返回京城的官道上,三辆马车在夜色中疾驰,车轮碾过碎石,出单调而急促的声响。
中间那辆最坚固的马车内,气氛压抑得仿佛凝固。
叶冰裳端坐在一侧,目光落在对面那个蜷缩在角落里的小女孩身上。女孩叫念儿,是铁匠张武唯一的血脉。她死死抱着一个破旧的布老虎,身体不住地颤抖,一双大眼睛里空洞洞的,没有任何神采。
叶冰裳没有说话,只是从随身的食盒里取出一块还温热的桂花糕,用干净的手帕包着,轻轻递了过去。
女孩的目光从布老虎上移开,怯生生地看了她一眼,又飞快地低下头。
“吃吧,甜的。”叶冰裳的声音放得极轻、极缓,“吃了,才有力气。”
念儿的小手犹豫了很久,最终还是接过了那块桂花糕,小口小口地咬着,眼泪却像断了线的珠子,吧嗒吧嗒地掉在糕点上,很快将它浸湿。
“坏人……都死了吗?”她终于开口,声音细得像蚊子叫,带着破碎的哭腔。
“死了。”叶冰裳回答得异常坚定,“最后一个,也死了。他的尸体就在后面的车上。”
念儿的身体抖了一下,但没有之前那么剧烈了。
叶冰裳静静地等着,直到女孩将一整块桂花糕都吃完,情绪似乎平复了一些。
“念儿,我想知道,给你爹送银子的那个叔叔,长什么样?”她的声音依旧温柔,却带着一种不容置疑的力量,“你说的每一个字,都能帮你爹娘,讨回公道。”
“公道?”女孩抬起头,泪眼婆娑地看着她,“人死了……还能有公道吗?”
“能。”叶冰裳看着她的眼睛,一字一句地说道,“公道就是,让做错事的人,付出代价。血债,必须血偿。”
最后四个字,她说得极重,像是在对女孩承诺,也像是在对自己宣誓。
或许是这股决绝的意志感染了她,念儿的眼神终于有了一丝微弱的光。她吸了吸鼻子,用尽全身的力气,开始回忆那个改变了她一生的夜晚。

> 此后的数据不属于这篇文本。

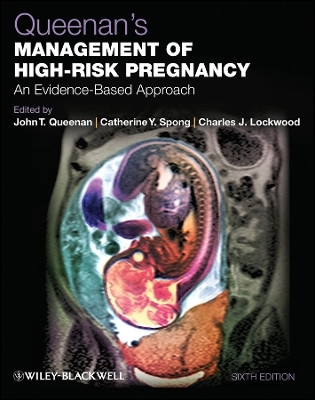 Queenan's Management of High-Risk Pregnancy - An Evidence-Based Approach 6e(English, Other digital, Queenan J)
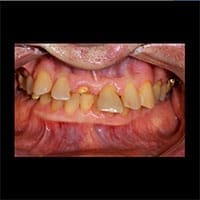 Complex Dental Case Study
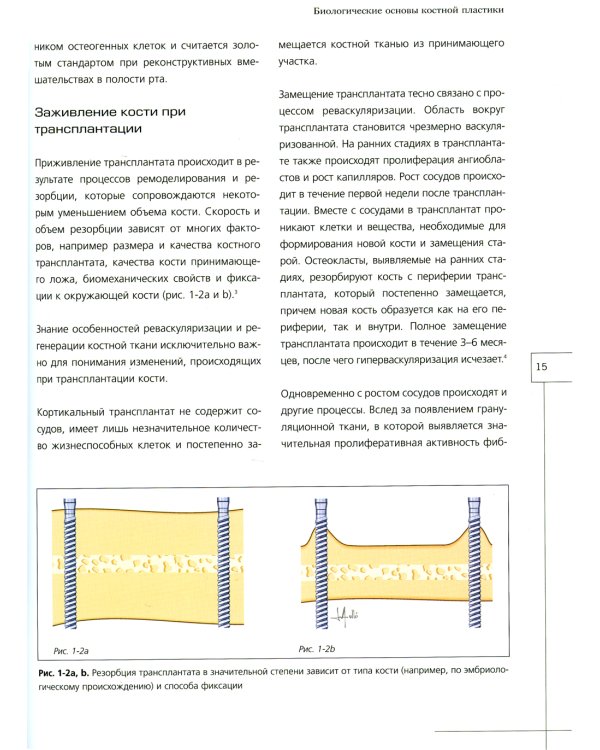 Костная пластика в стоматологической имплантологии. Описание методик и их клиническое применение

“那个叔叔……笑起来很好看,穿着一身很好看的衣服,上面绣着……绣着一朵转圈圈的云……”
“他把一个很沉的木盒子交给我爹,拍着他的肩膀说:‘办好这件事,你的女儿,这辈子就吃穿不愁了。’”
“我爹跪在地上,抖得像筛糠,说‘小的不敢啊!伪造朝廷重臣的罪证,这是诛九族的大罪!’”
“那个叔叔蹲下来,声音很温柔,他说:‘或者,我现在就让你全家,从这个世上消失。你选一个。’”
轰!
马车外的雷声仿佛在叶冰裳的脑海中炸响。
真相的轮廓,已然在她破碎的言语中,变得无比清晰。
原来,那桩让她名声大噪、让她得以建立监察司的“王德贪腐案”,从头到尾,就是一场彻头彻尾的骗局!
她不是什么明察秋毫的神捕。
她只是一把刀,一把被她那个好夫君,用来清除异己、收割名望的,愚蠢的刀。
当马车在黎明前的黑暗中驶入监察司大门时,叶冰裳掀开车帘,看着那块“明镜高悬”的牌匾,只觉得无比刺眼。
“将念儿带入最安全的‘暖阁’,派四名女卫贴身保护,没有我的命令,任何人不得接触!”
“张望!将那具刺客的尸体,立刻送去验尸房!让李仵作在那等我!”
下达完命令,叶冰裳甚至来不及换下染血的官服,便径直走向了监察司最深处的验尸房。
冰冷的停尸床上,那名服毒自尽的杀手静静地躺着,脸上还残留着死前诡异的解脱。